GIVEN DATA
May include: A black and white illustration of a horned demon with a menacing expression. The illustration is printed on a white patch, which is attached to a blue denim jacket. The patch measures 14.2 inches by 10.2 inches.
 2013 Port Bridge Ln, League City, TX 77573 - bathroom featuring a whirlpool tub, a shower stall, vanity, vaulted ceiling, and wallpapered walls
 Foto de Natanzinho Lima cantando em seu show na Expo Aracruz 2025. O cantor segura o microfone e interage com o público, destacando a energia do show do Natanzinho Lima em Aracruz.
* * *
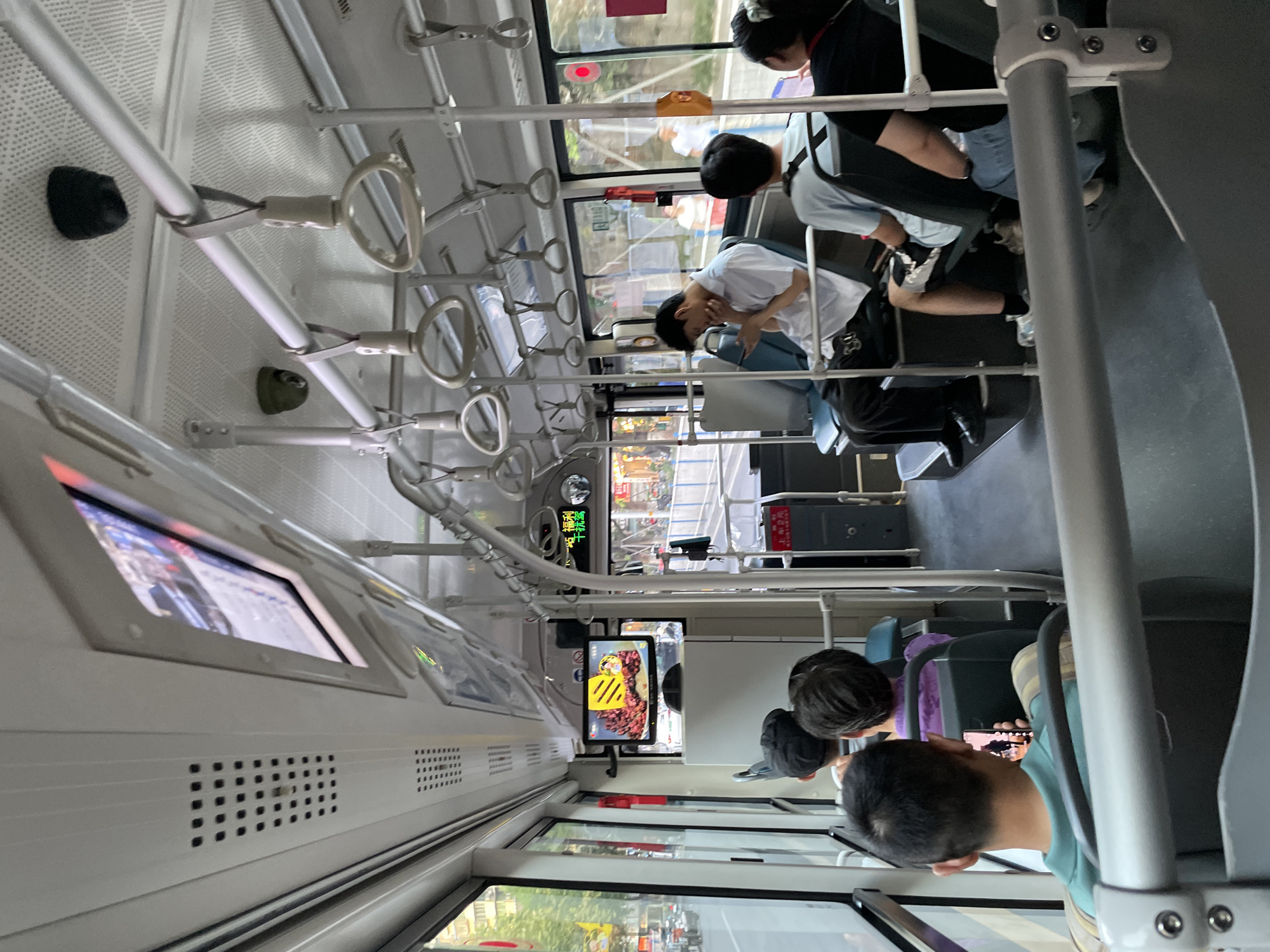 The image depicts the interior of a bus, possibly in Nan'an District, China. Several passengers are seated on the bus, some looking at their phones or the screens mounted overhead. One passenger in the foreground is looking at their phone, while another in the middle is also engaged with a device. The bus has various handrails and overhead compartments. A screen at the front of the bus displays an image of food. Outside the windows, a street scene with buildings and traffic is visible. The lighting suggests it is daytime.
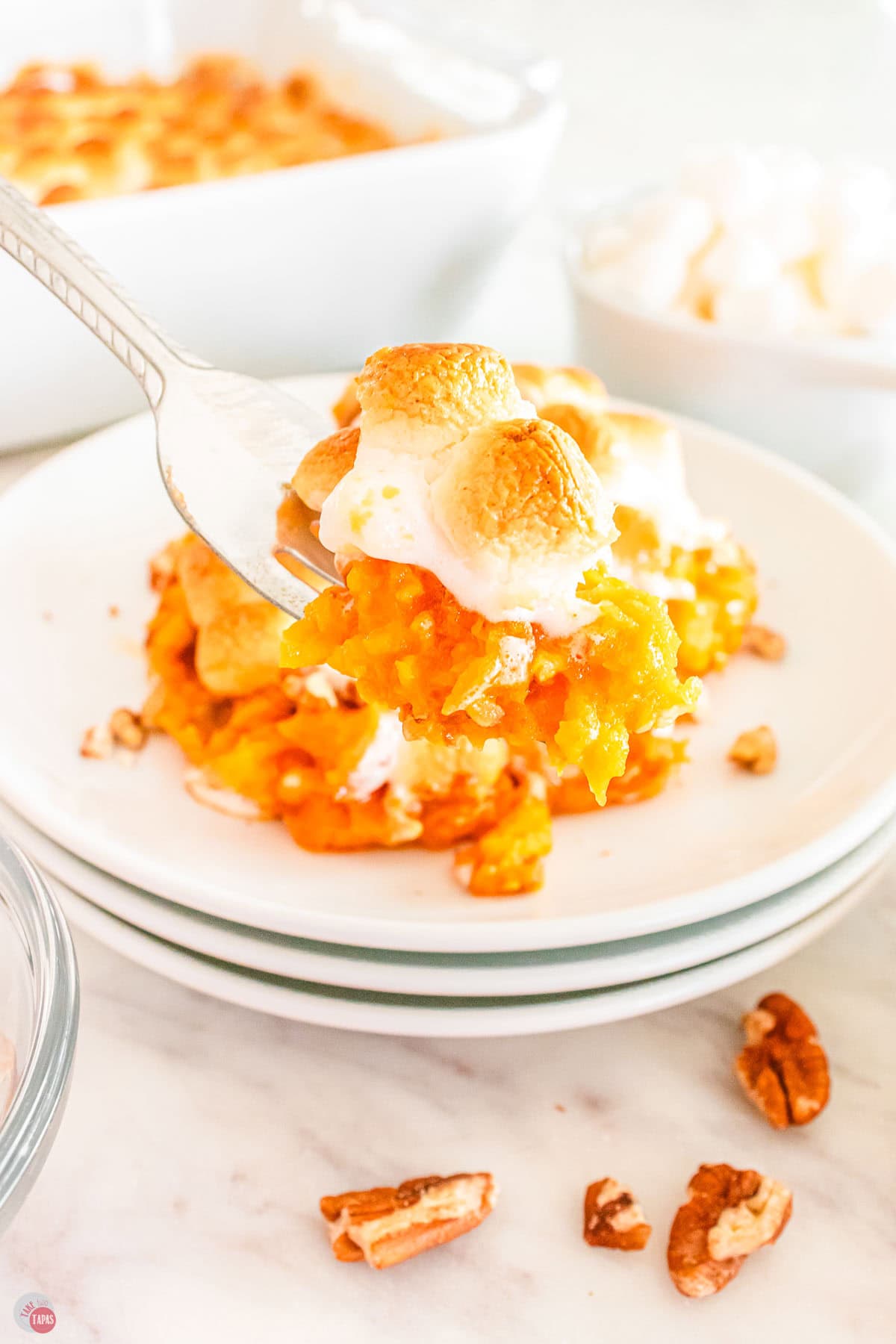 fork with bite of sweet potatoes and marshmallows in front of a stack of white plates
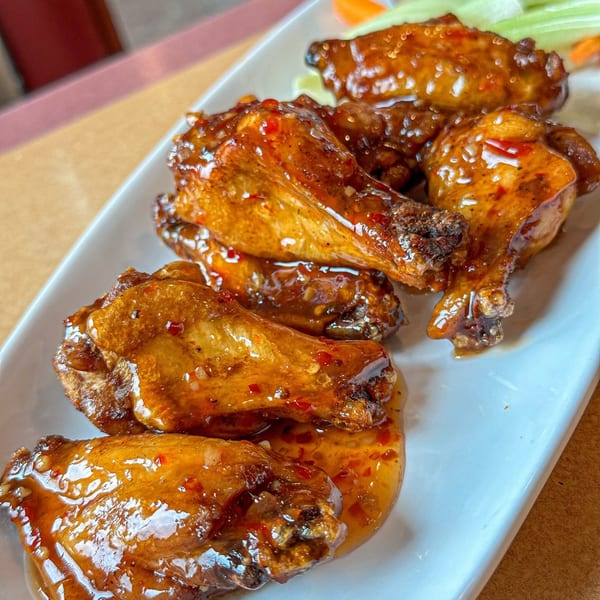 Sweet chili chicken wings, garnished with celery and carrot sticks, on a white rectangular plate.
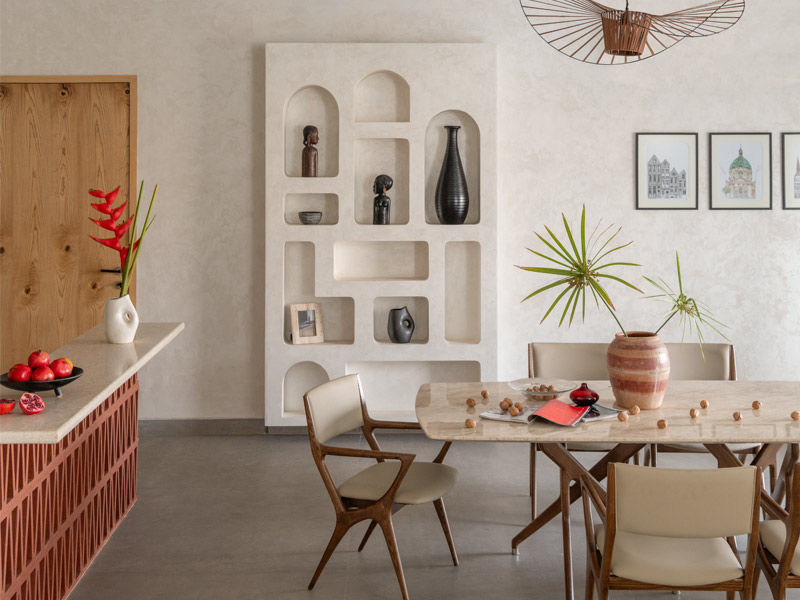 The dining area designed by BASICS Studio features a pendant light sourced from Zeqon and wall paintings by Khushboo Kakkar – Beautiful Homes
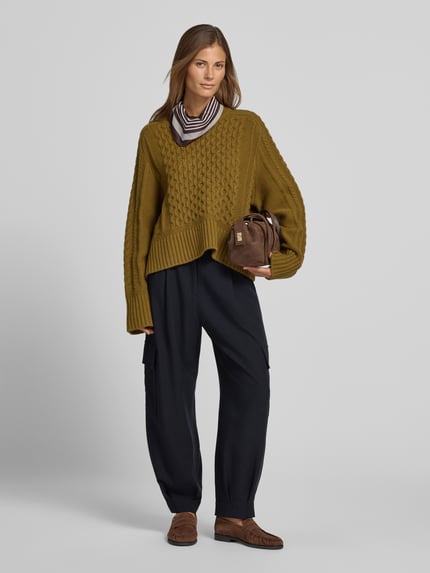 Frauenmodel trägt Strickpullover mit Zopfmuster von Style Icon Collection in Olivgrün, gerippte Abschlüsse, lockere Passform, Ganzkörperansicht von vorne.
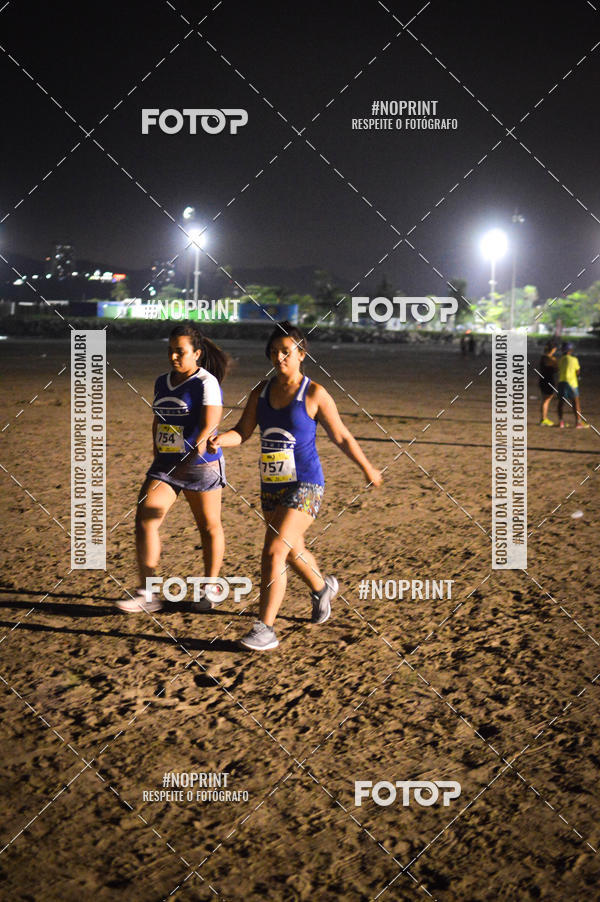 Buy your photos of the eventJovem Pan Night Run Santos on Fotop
--
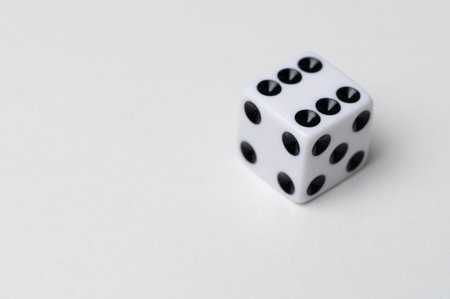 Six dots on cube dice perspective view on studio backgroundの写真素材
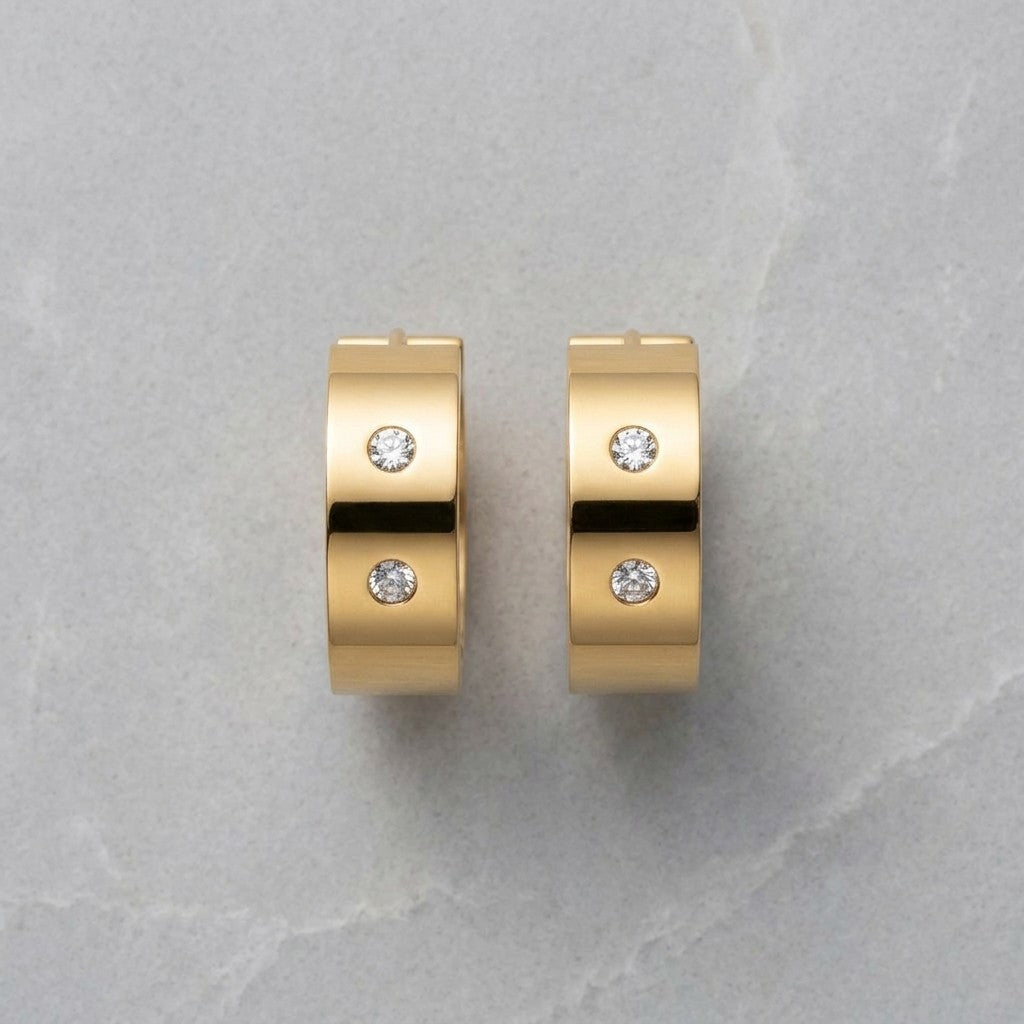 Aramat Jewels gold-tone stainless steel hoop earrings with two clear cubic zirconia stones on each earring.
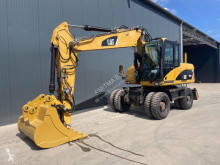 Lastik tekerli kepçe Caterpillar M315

WORK REQUEST
Of the records above, print only the lines from the one containing "fork with bite" through the one containing "Sweet chili chicken", inclusive and unaltered, leaving out pictures.

FINAL ANSWER
 fork with bite of sweet potatoes and marshmallows in front of a stack of white plates
 Sweet chili chicken wings, garnished with celery and carrot sticks, on a white rectangular plate.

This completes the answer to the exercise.